**What is expected:** The whole listing, pictures aside, should be reproduced exactly.

**Data:**
⟨
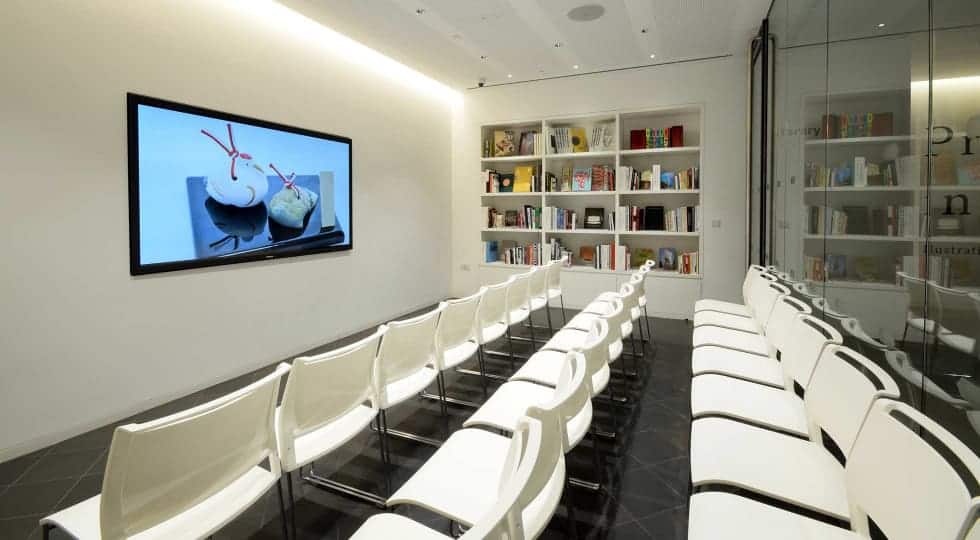 Sleek meeting location with a book's display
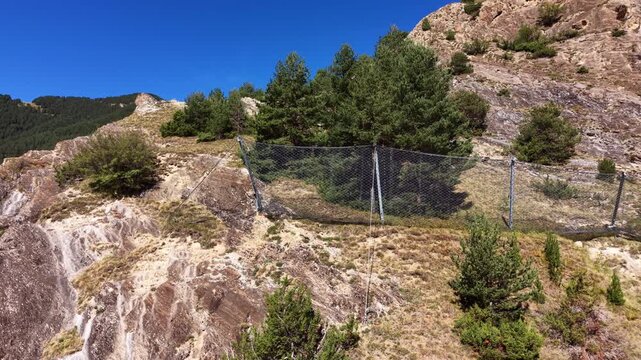Metal mesh rockfall barrier net installed on a steep rocky mountain slope with scattered pine trees under a clear blue sky, erosion control infrastructure in alpine terrain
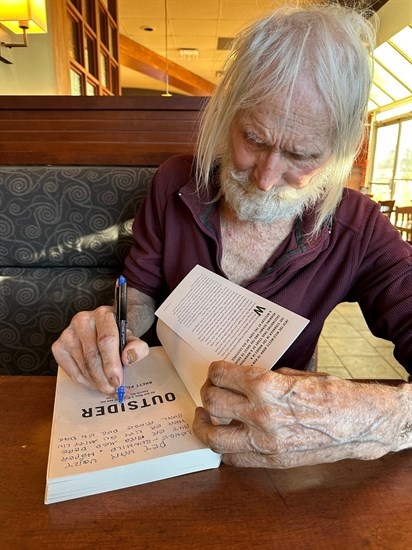 Dag Aabye signing a copy of the book written about him.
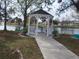 White gazebo overlooking a pond with benches at 6337 Fantasy Ct, North Port, FL 34287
⟩
**Task response:**
 Sleek meeting location with a book's display
Metal mesh rockfall barrier net installed on a steep rocky mountain slope with scattered pine trees under a clear blue sky, erosion control infrastructure in alpine terrain
 Dag Aabye signing a copy of the book written about him.
 White gazebo overlooking a pond with benches at 6337 Fantasy Ct, North Port, FL 34287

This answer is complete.